Compilation A
Summer Semester 2003
School of Computer and Communication Sciences
Programming Methods Laboratory (LAMP)

The Exam

The Exam is now corrected, the results can be found on the door to room INR 315. We have also made a PostScript file with examples of correct answers to the questions.


  1. Showing up
  2. >= 35 points in total
  3. >= 50 points in total
  4. >= 60 points in total
  5. >= 75 points in total
  6. >= 95 points in total
There are also .5 grades halfway between two grades.

The section "Cheat Sheet" below will show you what a typical cheat sheet might look like. Such a sheet will be provided with the exam.

The section "Example Exam Questions" shows some typical exam questions that might show up on the exam.
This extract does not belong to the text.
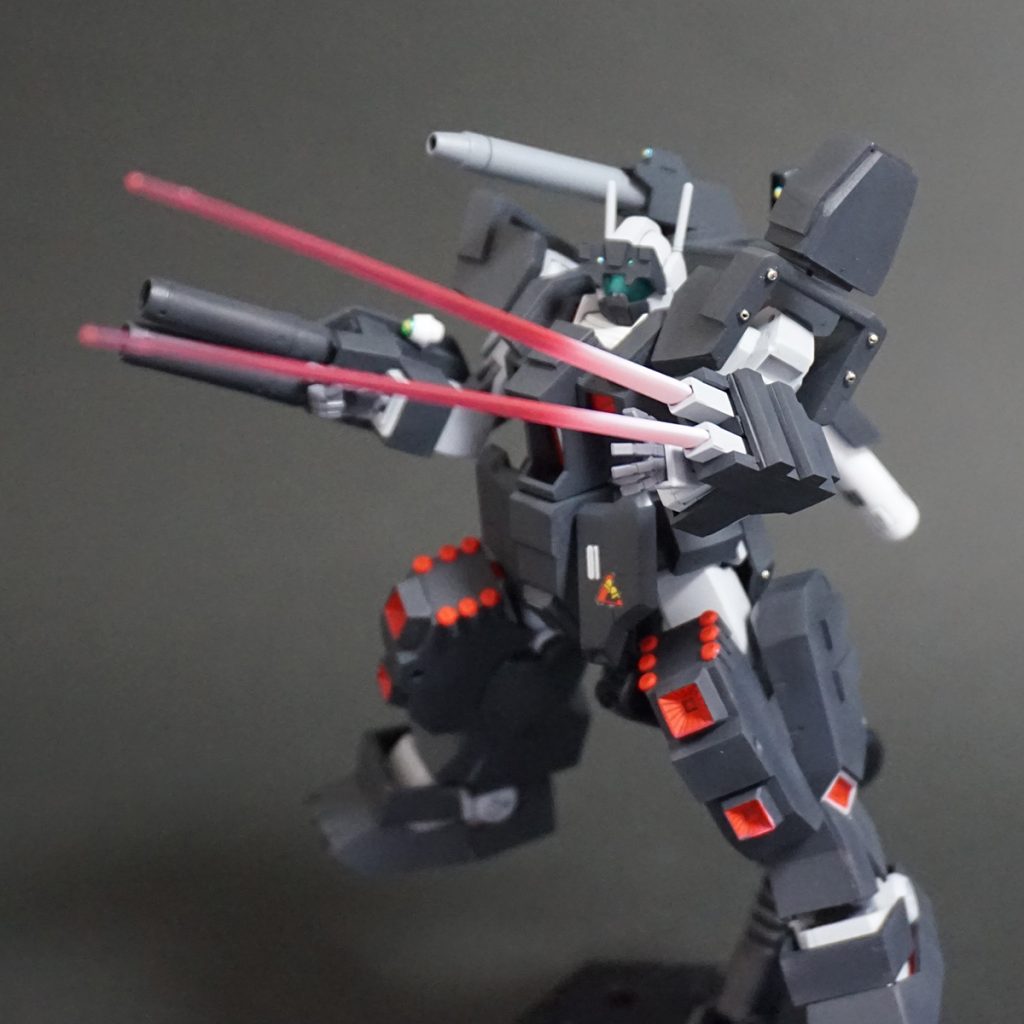 ダブルビームサーベルを構えて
It is not the same composition or the same questions as on the real exam, the exam will contain fewer but similar questions. (On the exam each question will also show how many points it is worth, since you have 105 minutes for the exam and need 100 points you should spend approximately 1 minute per point on the exam.)

Cheat Sheet

Here are some extra information that can be useful when solving the exam questions.


Backus-Naur Form was developed by J. Backus and P. Naur for Algol 60.

A production (rule) consists of a left-hand-side (lhs) and a right-hand-side (rhs). The rhs contains terminals and non-terminals. We use | for alternatives. We use juxtaposition for concatenation. Concatenation binds stronger than |.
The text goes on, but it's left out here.